## Your goal
Which lines run from the line with "Heavy Duty Welding Machine Inverter 400A" through the line with "Mines stabilo 3" in the entries below? Print them exactly, both ends included, and nothing more.

## Information

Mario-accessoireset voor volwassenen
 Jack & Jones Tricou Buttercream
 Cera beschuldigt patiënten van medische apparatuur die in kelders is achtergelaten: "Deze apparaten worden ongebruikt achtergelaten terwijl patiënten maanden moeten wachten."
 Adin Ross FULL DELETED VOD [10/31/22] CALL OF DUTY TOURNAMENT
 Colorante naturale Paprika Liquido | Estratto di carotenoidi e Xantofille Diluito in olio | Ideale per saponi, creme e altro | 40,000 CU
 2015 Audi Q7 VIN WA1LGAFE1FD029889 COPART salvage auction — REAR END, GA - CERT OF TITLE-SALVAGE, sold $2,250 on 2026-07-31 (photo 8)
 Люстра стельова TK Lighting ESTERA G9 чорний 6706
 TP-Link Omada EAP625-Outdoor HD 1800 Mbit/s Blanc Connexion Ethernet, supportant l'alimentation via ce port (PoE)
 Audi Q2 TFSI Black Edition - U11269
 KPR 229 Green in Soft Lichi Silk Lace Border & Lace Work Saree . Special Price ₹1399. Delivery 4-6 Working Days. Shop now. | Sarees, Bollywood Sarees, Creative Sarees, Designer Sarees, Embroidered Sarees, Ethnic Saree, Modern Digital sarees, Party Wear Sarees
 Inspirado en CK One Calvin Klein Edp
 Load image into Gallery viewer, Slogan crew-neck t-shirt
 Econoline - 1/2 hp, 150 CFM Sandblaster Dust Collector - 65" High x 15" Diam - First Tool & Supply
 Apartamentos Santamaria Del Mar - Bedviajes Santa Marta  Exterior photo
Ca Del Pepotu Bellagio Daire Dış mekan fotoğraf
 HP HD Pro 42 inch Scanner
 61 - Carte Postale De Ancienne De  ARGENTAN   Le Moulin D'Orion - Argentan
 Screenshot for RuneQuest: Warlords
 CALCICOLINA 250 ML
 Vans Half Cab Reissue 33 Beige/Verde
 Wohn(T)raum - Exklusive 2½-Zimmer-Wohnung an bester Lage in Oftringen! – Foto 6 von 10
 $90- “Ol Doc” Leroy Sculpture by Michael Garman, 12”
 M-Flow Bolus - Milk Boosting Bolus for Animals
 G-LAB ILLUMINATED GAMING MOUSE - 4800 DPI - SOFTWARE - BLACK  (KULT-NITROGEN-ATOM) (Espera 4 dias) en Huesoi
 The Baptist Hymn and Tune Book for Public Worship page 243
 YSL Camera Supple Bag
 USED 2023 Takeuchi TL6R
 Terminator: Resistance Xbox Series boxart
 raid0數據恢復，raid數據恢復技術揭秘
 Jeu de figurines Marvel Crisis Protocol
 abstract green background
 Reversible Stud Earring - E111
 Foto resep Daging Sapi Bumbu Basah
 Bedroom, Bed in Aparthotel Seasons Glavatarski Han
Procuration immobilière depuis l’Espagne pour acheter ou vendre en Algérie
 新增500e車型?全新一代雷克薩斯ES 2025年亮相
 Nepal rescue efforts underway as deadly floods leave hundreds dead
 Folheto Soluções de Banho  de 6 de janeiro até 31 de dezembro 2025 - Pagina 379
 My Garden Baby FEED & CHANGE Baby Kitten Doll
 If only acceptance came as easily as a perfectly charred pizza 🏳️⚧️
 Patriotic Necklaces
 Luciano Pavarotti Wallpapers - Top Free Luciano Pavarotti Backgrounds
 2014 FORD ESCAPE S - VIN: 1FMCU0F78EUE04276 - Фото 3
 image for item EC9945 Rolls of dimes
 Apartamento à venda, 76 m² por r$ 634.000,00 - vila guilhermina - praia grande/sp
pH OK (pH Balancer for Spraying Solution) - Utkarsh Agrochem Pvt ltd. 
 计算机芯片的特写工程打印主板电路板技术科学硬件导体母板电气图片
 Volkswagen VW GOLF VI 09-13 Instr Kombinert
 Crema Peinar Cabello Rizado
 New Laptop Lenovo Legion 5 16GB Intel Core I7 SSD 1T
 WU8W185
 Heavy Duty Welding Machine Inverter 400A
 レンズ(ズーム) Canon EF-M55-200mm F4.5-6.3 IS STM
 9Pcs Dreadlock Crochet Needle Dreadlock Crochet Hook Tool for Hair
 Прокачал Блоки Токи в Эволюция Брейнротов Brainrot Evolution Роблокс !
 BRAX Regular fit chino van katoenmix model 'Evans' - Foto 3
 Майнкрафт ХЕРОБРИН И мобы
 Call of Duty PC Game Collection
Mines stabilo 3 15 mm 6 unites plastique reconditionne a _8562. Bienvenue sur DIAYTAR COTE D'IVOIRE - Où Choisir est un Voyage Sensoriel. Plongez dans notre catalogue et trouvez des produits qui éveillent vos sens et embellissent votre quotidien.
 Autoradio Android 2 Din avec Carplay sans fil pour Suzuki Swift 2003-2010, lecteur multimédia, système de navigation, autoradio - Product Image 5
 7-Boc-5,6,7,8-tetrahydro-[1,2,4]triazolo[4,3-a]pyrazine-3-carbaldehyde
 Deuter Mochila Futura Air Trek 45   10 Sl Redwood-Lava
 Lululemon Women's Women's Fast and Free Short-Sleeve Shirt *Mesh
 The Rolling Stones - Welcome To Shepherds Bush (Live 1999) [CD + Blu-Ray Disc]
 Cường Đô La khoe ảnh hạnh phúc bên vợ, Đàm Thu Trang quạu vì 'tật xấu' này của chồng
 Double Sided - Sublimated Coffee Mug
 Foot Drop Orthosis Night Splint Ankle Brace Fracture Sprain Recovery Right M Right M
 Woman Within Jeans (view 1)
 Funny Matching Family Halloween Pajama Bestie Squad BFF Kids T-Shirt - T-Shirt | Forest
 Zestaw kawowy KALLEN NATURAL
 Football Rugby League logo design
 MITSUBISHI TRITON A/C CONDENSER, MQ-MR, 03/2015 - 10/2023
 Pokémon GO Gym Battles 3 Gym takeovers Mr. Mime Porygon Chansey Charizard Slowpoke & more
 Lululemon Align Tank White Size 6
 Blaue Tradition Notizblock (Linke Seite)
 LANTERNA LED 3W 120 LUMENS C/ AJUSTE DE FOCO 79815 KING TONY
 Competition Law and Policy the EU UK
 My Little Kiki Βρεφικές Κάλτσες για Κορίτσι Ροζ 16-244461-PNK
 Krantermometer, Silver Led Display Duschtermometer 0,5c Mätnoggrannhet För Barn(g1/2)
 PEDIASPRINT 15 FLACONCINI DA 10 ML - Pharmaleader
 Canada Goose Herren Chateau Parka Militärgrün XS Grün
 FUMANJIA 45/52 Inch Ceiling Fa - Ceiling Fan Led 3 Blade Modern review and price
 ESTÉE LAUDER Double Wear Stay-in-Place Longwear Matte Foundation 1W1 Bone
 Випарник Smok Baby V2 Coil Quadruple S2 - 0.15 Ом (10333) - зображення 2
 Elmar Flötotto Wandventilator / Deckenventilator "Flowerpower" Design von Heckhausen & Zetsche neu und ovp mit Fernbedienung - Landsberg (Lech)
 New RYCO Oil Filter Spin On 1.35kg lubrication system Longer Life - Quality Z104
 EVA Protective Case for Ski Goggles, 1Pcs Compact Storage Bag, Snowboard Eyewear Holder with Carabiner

## Exercise response
 Heavy Duty Welding Machine Inverter 400A
 レンズ(ズーム) Canon EF-M55-200mm F4.5-6.3 IS STM
 9Pcs Dreadlock Crochet Needle Dreadlock Crochet Hook Tool for Hair
 Прокачал Блоки Токи в Эволюция Брейнротов Brainrot Evolution Роблокс !
 BRAX Regular fit chino van katoenmix model 'Evans' - Foto 3
 Майнкрафт ХЕРОБРИН И мобы
 Call of Duty PC Game Collection
Mines stabilo 3 15 mm 6 unites plastique reconditionne a _8562. Bienvenue sur DIAYTAR COTE D'IVOIRE - Où Choisir est un Voyage Sensoriel. Plongez dans notre catalogue et trouvez des produits qui éveillent vos sens et embellissent votre quotidien.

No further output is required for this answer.